Dass der Konflikt in der Dokumentation einen relativ breiten Raum einnimmt, ist durchaus sinnvoll und sogar notwendig, wie Martin Ebel in seiner Analyse auf tagesanzeiger.ch schreibt. In der Tat befeuert der Nahost-Konflikt den neuen Antisemitismus, der heute fast immer unter der falschen Flagge des Antizionismus segelt. Doch der Film blickt nahezu ausschliesslich aus israelischer Warte auf den Konflikt – während er beispielsweise das heikle Thema der Siedlungen kaum berührt.
Das ist schade, denn die Doku hat sehr wohl ihre Stärken. Sie zeigt schonungslos, dass der Antisemitismus eben nicht nur von rechts kommt, wo man ihn traditionell verortet, sondern heute ebenso auf der linken Seite des politischen Spektrums floriert. Dort, wo das gute Gewissen herrscht, das sich aus der Überzeugung nährt, Linke könnten gar nicht antisemitisch sein.

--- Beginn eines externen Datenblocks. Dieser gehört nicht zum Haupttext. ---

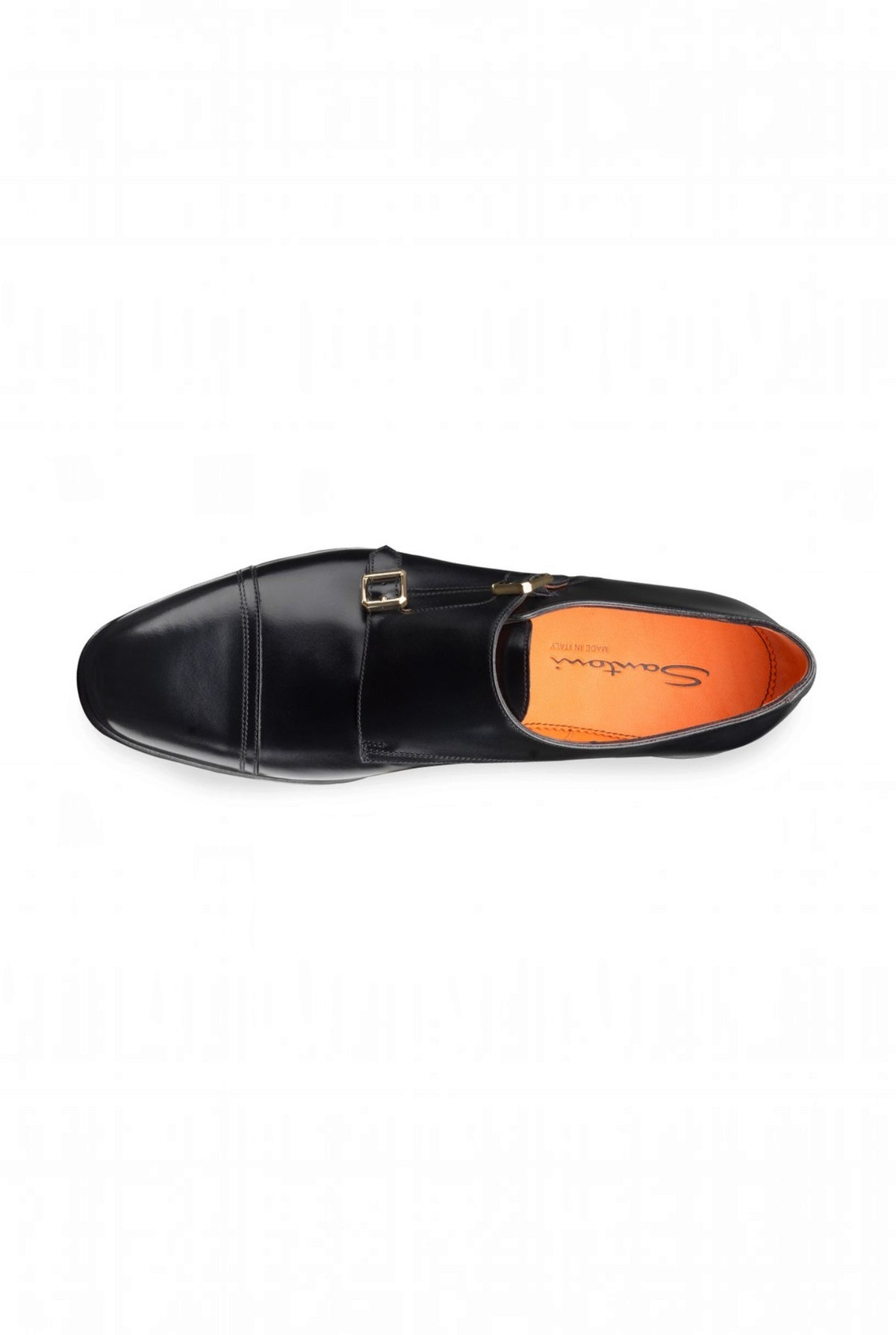 SANTONI Scarpe Doppia Fibbia Pelle Nera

Die Milieus, in denen der Antisemitismus gedeiht, sind durchaus verschieden. Neben linken und rechten Antisemiten zeigt der Film Verschwörungstheoretiker, evangelische Friedensaktivistinnen und muslimische Rapper. Der Vorwurf von Arte-Programmdirektor Alain Le Diberder, dem Film fehle die Multiperspektivität, ist daher haltlos, wie der Historiker Götz Aly richtig bemerkt.

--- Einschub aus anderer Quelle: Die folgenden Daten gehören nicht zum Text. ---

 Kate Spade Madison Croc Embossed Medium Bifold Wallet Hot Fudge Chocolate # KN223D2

Interessant auch das Licht, das die Dokumentation auf die blühende NGO-Szene wirft, die sich mit dem jüdischen Staat abmüht. Woher rührt dieser Eifer, mit dem Organisationen wie «Brot für die Welt» Israel dämonisieren, fragt man sich unwillkürlich. Gerade hier haben sich die Filmemacher aber einen handwerklichen Schnitzer geleistet: Sie haben einfach darauf verzichtet, die NGOs mit den Vorwürfen zu konfrontieren.

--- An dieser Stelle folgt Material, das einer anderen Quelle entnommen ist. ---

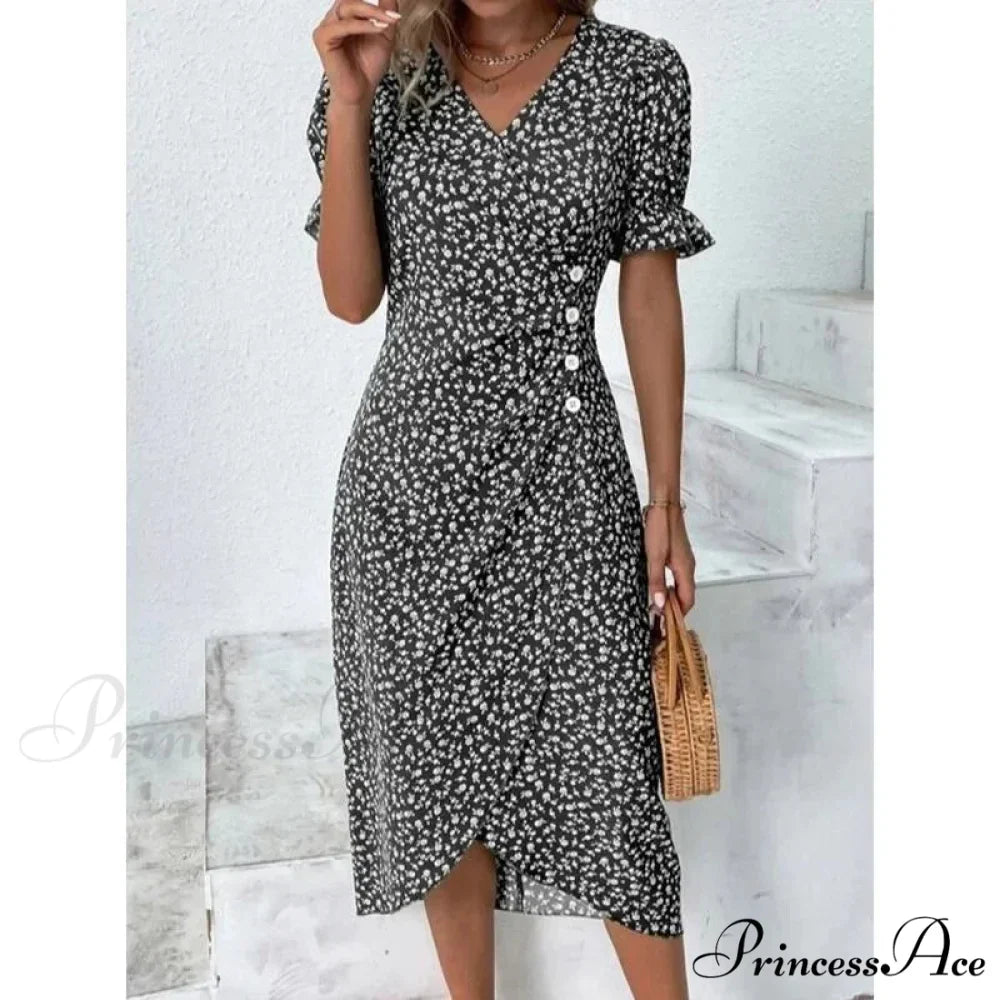 Graceful Flower Midi Puff Sleeve Gathered Waist Flower Dress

Es gibt weitere Mängel. So ist es zwar löblich, wenn üble antisemitische Aussagen des palästinensischen Präsidenten Mahmud Abbas gezeigt werden, die er 2016 in seiner Rede vor dem EU-Parlament machte. Diese Passagen schneidet der Film aber mit dem Applaus der Abgeordneten am Schluss der Rede gegen, sodass der Eindruck entsteht, diese hätten direkt Abbas' Hetze beklatscht. Abbas sprach sich allerdings auch für die Zweistaatenlösung aus; der Beifall dürfte eher diesem Teil gegolten haben.
Alles in allem bleibt die Dokumentation trotz ihrer Mängel sehenswert. Wer sie gesehen hat, dem ist klar, warum so viele Juden wie nie zuvor aus Frankreich nach Israel auswandern. Dass der tief verwurzelte Judenhass in bedeutenden Teilen der muslimischen Gemeinschaft dafür verantwortlich ist, verschweigt der Film nicht.
Dass eben diese Benennung des muslimischen Antisemitismus der wahre Grund für die Ablehnung durch die französische Arte-Spitze ist, wie Aly unterstellt, ist freilich eine Behauptung, die erst noch belegt werden müsste. Auf jeden Fall hätte dem Film aber gut getan, wenn sich die Filmemacher mehr an die bekannte Maxime des Journalisten Hanns-Joachim Friedrichs gehalten hätten: Sich nicht mit einer Sache gemein machen, auch mit einer guten nicht.